Updated on 19 Sep 2008, Published on 19 Sep 2008

Every teenager is eager to fall in love and have a boyfriend/girlfriend. But little do they realize that unhealthy relationships set in early in our life and last a lifetime. Dating abuse is characterized by physical, sexual, or psychological/emotional abuse that takes place in a relationship.


Among the teens, physical and sexual abuse is very common. As far as sexual abuse is concerned, most teens consider to ignore it, as they feel that sex is a part and parcel of dating. And media is to be blamed for this, as they hyper sexualize the teenagers, thus, encouraging sexual violence against women and girls. The media has a strong influence over the teens and makes them believe that it is perfectly normal. However parents should not assume that the teens know the difference between dating and sex.


But when it comes to physical abuse which includes hitting, kicking, pinching or hurting, they do not know how to respond or react to it. It has been reported that each year, 1 in every 5 adolescents are sexually, physically or emotionally abused.

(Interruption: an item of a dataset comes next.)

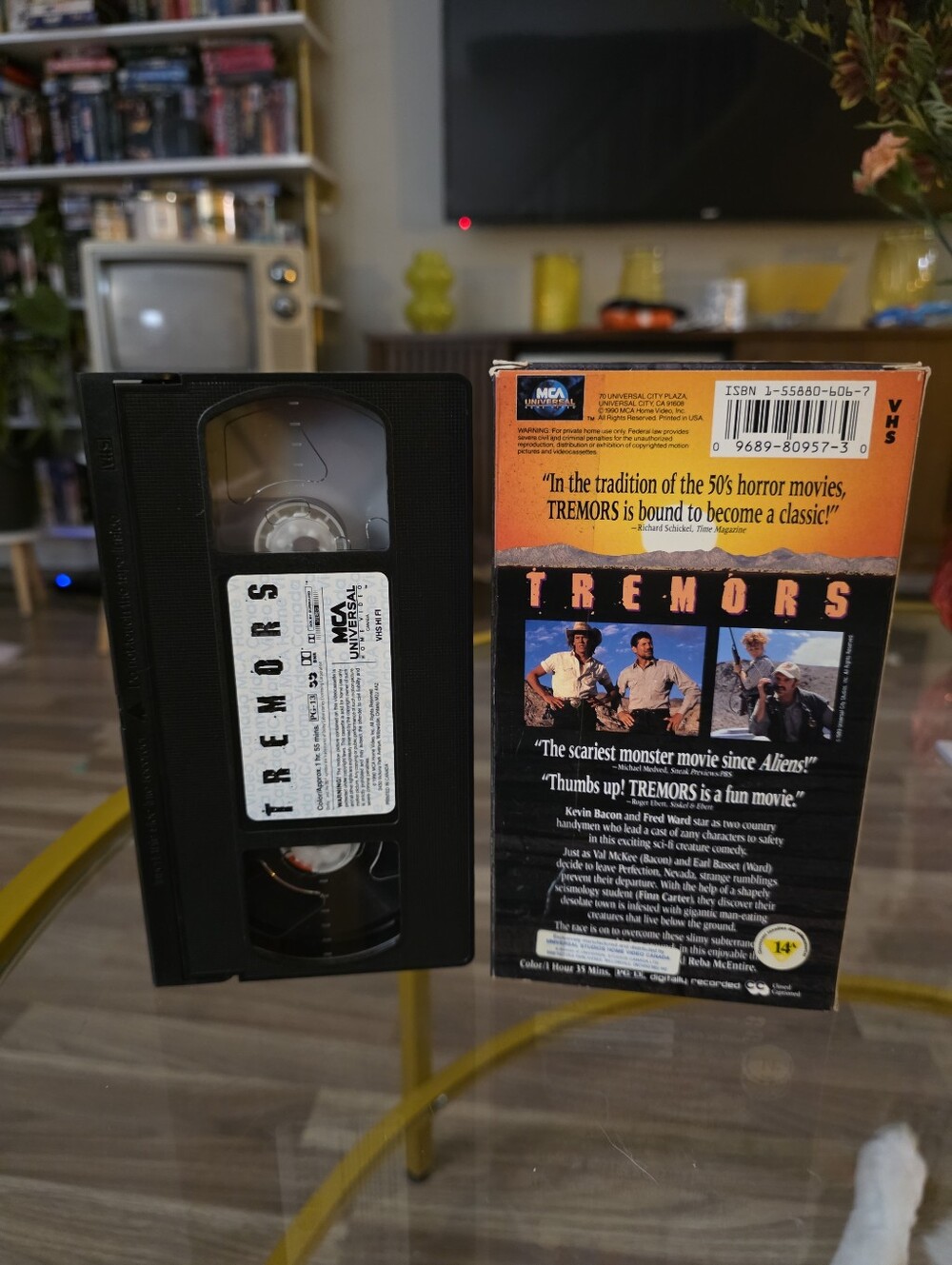 Tremors  - VHS - Picture 2 of 2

Dating abuse normally starts with calling names and teasing, and is often considered to be a part of a healthy relationship, which might lead to physical abuse. The teens do not usually report about it because they fear from sharing it with their friends and families. There maybe other reasons such as they do not have appropriate experience in dating relationships or want independence from their parents or may be, they have romanticized views of love or because of peer pressure to have dating relationships.


Teen dating abuse
 is highly influenced by how teenagers consider themselves and others. Boys believe that they must control their girlfriends and possess them. They feel that their masculinity gives them a reason to be aggressive. They feel that their girl would not respect them if they are attentive and supportive.


While young girls, on the other hand, find abuse as a normal behavior, as they see even their friends being abused. They romanticize their boyfriends’ jealousy, possessiveness and even physical abuse. They consider themselves helpless and responsible to solve all the problems in their relationships. Teen dating is not really an innocent phase of life. And it is very normal for the teens to keep their problems away from their parents for they fear that their parents may demand separation.


Sometimes, serious relationship in dating can turn out to be a nightmare. So, before getting into any serious relationship, a must do task is to ask yourself a series of questions about your dreams, desires, goals, friends, pets, your responsibility, etc. Probe as much as you can about the person you want to date, his/her behavior, attitudes, etc. Do not flaunt or boss around your friends, if your boyfriend has gifted you a cellphone or has been telling you what to do and what not. You might misinterpret it that he is very concerned about you and that he cares for you and wants to be in touch with you. For that sort of behavior of your boyfriend is a sure sign of aggressiveness, manipulative and dominating.


The number of girls being abused and controlled by their boyfriends is scaringly high. As a parent, we must not ignore the warning signs and keep an eye on the activity of our daughters. If you see such signs in your daughter’s behavior, then talk to her calmly. Don’t go about attacking your daughter’s boyfriend with words and calling him names. Let your daughter know that love is not a feeling but a behavior. And that it is not what he says, he feels for you but what he shows through his behavior. And let her decide on whether she considers such a behavior of her boyfriend loving and caring.